Maybe my answer here is too basic but this is how I generally do this:
Load the model: from model_location import model
Instantiate the model: m = model()
Load the state dictionary required: m.load_state_dict(torch.load(state_dictionary_saved_at_epoch_7.pt'))
(as you have saved it as saved.pt you might have to preload this dictionary and then replace state_dictionary_saved_at_epoch_7.pt' with whatever is in 'state_dict': model.state_dict() at epoch 7. (perhaps this is the subtelty of your question that most of this answer will be not addressing properly?); you will also have to push the optimizer state dictionary and loss value too but I don’t know how to do that.)
Set the training state of the model m to true (perhaps this is done by default): m.train(True)
…and then continue training using the model now called m in this example.
Thank you for you explanation . but im not getting over How to replace ‘state_dictionary_saved_at_epoch_7.pt’ from ‘saved.pt’ and all below, also code example.
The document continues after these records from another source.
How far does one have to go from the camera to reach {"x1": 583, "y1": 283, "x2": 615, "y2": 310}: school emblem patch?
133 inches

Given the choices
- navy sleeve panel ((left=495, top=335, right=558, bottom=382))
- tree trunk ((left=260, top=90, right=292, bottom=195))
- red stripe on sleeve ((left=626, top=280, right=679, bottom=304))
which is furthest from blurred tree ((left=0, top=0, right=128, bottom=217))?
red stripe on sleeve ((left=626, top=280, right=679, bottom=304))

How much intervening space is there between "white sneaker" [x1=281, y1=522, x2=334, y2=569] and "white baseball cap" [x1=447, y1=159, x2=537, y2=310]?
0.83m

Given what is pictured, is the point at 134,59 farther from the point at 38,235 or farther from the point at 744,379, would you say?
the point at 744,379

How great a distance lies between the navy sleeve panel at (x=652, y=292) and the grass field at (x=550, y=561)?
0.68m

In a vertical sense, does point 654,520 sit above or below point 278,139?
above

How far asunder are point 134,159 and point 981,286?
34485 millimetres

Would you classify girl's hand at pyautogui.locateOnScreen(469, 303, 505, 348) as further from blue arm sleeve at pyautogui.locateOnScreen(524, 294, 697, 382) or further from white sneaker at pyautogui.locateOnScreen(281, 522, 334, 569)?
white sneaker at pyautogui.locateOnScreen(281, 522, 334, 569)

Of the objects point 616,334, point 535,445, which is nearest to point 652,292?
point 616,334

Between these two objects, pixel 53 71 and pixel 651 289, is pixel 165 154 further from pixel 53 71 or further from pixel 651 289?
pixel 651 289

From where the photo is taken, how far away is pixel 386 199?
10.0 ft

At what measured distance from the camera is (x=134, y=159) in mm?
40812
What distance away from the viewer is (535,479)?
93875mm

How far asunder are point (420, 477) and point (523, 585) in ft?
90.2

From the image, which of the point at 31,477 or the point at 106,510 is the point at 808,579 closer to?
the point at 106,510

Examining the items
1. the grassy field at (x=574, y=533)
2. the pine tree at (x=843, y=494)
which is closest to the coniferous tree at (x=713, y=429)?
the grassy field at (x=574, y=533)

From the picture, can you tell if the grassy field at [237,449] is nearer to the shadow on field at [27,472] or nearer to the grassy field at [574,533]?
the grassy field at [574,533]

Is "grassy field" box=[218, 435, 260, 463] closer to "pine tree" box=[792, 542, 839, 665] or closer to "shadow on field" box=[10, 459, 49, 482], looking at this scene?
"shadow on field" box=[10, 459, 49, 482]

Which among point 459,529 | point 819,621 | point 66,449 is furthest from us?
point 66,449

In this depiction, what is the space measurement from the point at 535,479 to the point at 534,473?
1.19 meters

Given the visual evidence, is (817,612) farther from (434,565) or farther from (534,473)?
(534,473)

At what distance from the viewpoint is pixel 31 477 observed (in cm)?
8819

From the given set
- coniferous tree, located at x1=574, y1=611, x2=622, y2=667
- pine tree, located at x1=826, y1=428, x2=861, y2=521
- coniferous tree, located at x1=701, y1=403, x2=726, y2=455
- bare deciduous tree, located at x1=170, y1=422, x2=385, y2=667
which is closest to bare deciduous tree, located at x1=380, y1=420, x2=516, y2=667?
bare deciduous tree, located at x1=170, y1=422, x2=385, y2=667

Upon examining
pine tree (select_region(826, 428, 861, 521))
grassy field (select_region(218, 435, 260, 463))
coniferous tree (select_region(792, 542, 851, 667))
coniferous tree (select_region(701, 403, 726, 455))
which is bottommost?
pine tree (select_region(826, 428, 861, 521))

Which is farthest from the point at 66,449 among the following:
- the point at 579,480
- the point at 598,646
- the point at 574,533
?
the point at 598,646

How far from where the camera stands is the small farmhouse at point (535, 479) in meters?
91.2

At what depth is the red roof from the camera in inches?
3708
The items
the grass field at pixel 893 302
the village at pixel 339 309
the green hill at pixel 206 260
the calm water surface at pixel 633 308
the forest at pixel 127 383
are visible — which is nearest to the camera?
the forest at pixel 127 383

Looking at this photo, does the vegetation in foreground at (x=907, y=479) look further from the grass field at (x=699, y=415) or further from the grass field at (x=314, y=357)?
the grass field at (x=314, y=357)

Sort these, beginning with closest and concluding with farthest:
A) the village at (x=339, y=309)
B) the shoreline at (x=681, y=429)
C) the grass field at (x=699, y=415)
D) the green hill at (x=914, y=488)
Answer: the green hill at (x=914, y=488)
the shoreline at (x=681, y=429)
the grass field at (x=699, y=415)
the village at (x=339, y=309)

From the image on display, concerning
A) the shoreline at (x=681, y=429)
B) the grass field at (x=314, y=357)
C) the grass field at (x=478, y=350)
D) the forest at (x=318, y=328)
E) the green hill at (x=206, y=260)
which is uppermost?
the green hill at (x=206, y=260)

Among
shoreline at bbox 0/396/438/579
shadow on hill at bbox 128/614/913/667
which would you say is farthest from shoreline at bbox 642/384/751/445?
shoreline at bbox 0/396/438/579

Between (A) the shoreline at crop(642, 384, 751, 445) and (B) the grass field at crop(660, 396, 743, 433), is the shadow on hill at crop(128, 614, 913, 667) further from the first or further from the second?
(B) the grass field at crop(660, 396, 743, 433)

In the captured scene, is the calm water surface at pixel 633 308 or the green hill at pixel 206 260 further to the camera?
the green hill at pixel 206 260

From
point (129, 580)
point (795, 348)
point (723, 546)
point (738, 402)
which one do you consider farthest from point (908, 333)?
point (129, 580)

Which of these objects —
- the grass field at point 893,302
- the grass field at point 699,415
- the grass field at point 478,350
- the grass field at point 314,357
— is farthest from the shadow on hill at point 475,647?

from your_model import model # Replace your_model with the name of your model class
m = model() # Create a new model
state = torch.load(saved.pt) # Load the whole dictionary, as that's what you have saved
m.load_state_dict(state[state_dict])
# There is no need for m.train() if you want to continue with training
P.S.
You are always saving the state in the same file. This leads to only the newest model state to be saved.
Yes, loading a saved state dictionary loads pretrained weights so it won’t be starting from new.
Just note that with this method, be careful not to change the model architecture and then try to load the state dictionary to a new model as obviously they will no longer share the same shapes…something that has stung me in the past.